▶ **TASK DESCRIPTION**: Only those lines in the data below from the line containing "Used Peugeot 3008" through the line containing "Wohnung zum Mieten", both included, should be restated word for word.

+++ MATERIALS PROVIDED

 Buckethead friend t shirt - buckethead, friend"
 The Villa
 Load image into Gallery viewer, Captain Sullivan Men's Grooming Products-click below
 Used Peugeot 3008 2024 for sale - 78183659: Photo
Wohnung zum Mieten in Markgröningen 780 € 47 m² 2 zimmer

++++++
+++ MATERIALS PROVIDED

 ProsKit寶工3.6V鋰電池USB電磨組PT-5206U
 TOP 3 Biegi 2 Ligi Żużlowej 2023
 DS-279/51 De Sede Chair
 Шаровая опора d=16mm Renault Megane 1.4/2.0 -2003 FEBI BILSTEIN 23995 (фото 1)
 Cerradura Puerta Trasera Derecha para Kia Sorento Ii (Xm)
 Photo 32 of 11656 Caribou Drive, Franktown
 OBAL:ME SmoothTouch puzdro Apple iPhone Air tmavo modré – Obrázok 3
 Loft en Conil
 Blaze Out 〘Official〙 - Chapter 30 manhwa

++++++

▶ **WRITTEN REPLY**:
 Used Peugeot 3008 2024 for sale - 78183659: Photo
Wohnung zum Mieten in Markgröningen 780 € 47 m² 2 zimmer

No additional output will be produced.